NPS Investment for NRIs

Since the National Pension Scheme is open only for NRIs who still hold Indian citizenship, Non-resident Indian (NRI) investments in this product are beneficial for only those who want to return and settle in India. NPS is administered and regulated by PFRDA (Pension Fund Regulatory and Development Authority) which provides the guidelines and also manages the entire NPS framework through a set of intermediaries, who are entrusted with activities such as fund management, record keeping, fund transfer and custodial services. Every NRI investor in NPS is issued a PRAN (Permanent Retirement Account Number) card which is a 12-digit unique number.

The requirements for an NRI to invest in the National Pension Scheme are described below:

Eligibility: Should be between 18-60 years of age and be KYC (Know Your Customer) compliant.

Contributions: NRI investors can contribute either from NRE or NRO account. To open the account, minimum contribution is 500 INR. The minimum amount per contribution is 500 INR and the minimum contribution per annum is 6000 INR.

Investment Options: There are 2 sub-accounts provided by NPS – Tier 1 and Tier 2. Opening a Tier 1 is mandatory and Tier 2 is optional.

  • Tier 1 Account – This is a permanent retirement account in which the contributions are locked till retirement and the account is subject to Withdrawal and Exit Regulations. A maximum of 25% of an individual’s contribution is allowed to be withdrawn in specified cases in the Withdrawal and Exit Regulations.
  • Tier 2 Account – This account can be opened voluntarily as a savings facility. Unlimited withdrawals are permitted for the investor.

Currently, 7 pension funds, including government and private funds are approved by PFRDA. The portfolio fund managers of these pension funds are required to manage the money in 3 different accounts each having different asset profile – E, C and G. Here E stands for Equity, C for Corporate Bonds and G for Government Securities in decreasing order of their risk profiles.

Asset Allocation: NRI investors in NPS get 2 options:

  • Active Choice – Here, the investor can choose the asset classes and ratios of allocation.
  • Auto Choice – Here, the allocation of the contribution is done on behalf of the NRI investor, based on the age.

NRI investors in NPS have the flexibility to choose the ratio of allocation of their contributions across investment options. Depending on the risk appetite of the investor, up to 85% of the contribution can be allocated to an asset profile for Tier 1 Accounts. For Tier 2 accounts, the maximum contribution to Equity is capped at 50%.

Portability: An NRI subscriber to NPS can move his accumulated funds and also divert the contributions across the recognized pension funds. The asset allocation across the E, C and G options can also be changed.

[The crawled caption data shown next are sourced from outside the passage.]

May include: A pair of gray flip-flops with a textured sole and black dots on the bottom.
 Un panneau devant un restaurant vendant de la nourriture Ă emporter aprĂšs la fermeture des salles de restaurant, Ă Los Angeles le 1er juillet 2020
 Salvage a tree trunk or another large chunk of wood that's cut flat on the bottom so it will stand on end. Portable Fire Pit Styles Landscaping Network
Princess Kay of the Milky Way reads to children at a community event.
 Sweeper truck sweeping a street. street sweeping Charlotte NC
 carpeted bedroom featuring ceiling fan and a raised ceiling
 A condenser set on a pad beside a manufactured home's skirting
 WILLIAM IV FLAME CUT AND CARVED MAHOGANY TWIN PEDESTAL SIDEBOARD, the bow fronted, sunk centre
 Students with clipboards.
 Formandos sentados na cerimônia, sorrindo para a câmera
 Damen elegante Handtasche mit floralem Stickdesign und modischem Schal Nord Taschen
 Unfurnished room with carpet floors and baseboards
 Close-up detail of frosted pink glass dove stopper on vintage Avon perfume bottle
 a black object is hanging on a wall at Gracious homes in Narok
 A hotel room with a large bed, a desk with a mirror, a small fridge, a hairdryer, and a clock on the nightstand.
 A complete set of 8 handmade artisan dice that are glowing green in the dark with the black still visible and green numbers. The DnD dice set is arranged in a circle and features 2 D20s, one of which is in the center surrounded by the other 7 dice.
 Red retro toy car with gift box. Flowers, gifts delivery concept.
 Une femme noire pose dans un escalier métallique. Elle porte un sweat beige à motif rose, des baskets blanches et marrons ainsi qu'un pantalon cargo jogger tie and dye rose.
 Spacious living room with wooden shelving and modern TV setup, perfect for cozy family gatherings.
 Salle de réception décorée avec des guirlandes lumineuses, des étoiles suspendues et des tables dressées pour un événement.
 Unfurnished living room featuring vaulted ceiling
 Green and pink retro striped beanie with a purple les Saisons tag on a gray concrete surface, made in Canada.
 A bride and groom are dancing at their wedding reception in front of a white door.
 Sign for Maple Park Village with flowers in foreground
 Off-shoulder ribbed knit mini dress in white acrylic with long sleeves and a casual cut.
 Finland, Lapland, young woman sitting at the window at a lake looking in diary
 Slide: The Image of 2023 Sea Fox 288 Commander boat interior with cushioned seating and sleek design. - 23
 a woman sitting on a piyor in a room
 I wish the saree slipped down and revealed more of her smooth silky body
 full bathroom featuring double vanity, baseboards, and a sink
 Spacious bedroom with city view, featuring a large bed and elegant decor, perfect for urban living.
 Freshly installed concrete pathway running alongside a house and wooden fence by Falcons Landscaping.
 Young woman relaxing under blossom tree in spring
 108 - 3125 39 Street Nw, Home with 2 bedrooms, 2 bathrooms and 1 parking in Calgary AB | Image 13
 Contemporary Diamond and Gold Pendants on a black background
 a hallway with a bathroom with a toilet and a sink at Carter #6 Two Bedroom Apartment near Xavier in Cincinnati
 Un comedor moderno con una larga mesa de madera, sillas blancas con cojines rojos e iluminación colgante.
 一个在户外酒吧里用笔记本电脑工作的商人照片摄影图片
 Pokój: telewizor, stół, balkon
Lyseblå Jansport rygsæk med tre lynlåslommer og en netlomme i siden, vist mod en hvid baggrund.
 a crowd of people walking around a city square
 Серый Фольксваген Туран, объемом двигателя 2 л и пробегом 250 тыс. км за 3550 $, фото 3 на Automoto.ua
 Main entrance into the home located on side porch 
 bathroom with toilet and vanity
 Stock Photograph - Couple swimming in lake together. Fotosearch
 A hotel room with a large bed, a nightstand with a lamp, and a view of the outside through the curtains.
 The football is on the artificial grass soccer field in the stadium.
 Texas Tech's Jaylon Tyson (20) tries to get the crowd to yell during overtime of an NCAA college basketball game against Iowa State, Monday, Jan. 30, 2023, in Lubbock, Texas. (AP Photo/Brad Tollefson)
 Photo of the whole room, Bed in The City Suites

Exit and Withdrawal: Tier 1 NPS accounts are subject to strict Withdrawal and Exit Regulations while Tier 2 accounts have flexible withdrawal options like a Savings account.

If withdrawal from Tier 1 account is before the age of 60, maximum lump sum withdrawal is 20% of the total corpus. The remaining 80% has to be mandatorily used to buy an annuity recognized by PFRDA. Total withdrawal is allowed if the accumulated corpus is less than 100,000 INR.

If the withdrawal from Tier 1 account is upon attaining 60 years of age, maximum withdrawal of 60% of the accumulated corpus is allowed and the rest 40% has to be mandatorily used to buy an annuity recognized by PFRDA.  Total withdrawal is allowed if the accumulated corpus is less than 200,000 INR. Investors can defer withdrawal up to 70 years of age.

Partial withdrawals up to a maximum of 25% of the total corpus are allowed in Tier 1 accounts for the following specific cases:

  • Higher education of children
  • Marriage of children
  • Purchase of residential property
  • Treatment of specified illnesses

Since an annuity has to be compulsorily purchased in India on maturity, an NRI investor of NPS will receive the pension in Indian Rupees only. There is no restriction on repatriation of the pension to the country of residence.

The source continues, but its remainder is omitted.